There Was A Country by Chinua Achebe

[[chinua-achebe-rev]]Chinua Achebe’s latest book is more than a memoir, more than a history, more than the sum of its parts. There Was a Country is a beautifully woven tapestry, an incantation; it is brave; it is sad and perceptive; it is an epitaph for the nation that seceded from Nigeria in 1967. It is Achebe’s account of the war which then ensued, one of the twentieth century’s greatest humanitarian disasters.

Achebe is a master storyteller. His style is deceptively simple – almost fable-like – and quietly passionate. The chapters are generally short: some of them feel like they’re part of a novel; others are explorations of the artist’s role in times of war, and feel more like personal essays in tone. Poems written during the war are nested between interviews with the key players in the conflict. Though this ‘almost’ memoir of the Nigerian–Biafran War sometimes feels disordered, it ultimately works to create a clear-sighted, prismatic picture of Nigeria’s descent from post-independence hope to tragedy, and the colossal mistakes made along the way.

Historical analysis takes up most of the middle portion of the book. These chapters are well-researched and factual (he cites a range of sources) and, like the rest of Achebe’s writing, they are succinct, pithy. Throughout, glimpses of Achebe’s personal experience of the horror are revealed, and these stories too are told – of course – with brevity, stoically and quietly.

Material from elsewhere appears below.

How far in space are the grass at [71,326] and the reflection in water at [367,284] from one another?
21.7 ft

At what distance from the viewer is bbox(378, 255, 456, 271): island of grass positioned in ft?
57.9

There are claims that Achebe’s account is partisan and polemical. The outcry against the book in Nigeria has some people calling for his classic Things Fall Apart to be banned in Nigerian schools. Perhaps There Was a Country leans toward a Biafran viewpoint, perhaps. After all, its author was Biafra’s roving ambassador during the war and he even chaired a committee charged with writing a constitution for the country. Perhaps it does, but though it is one man’s account, it goes deeper, offering multiple perspectives of a story that must be told. Above all else, it is Achebe’s eloquent plea for a better Nigeria today. It is a sad story, beautifully told.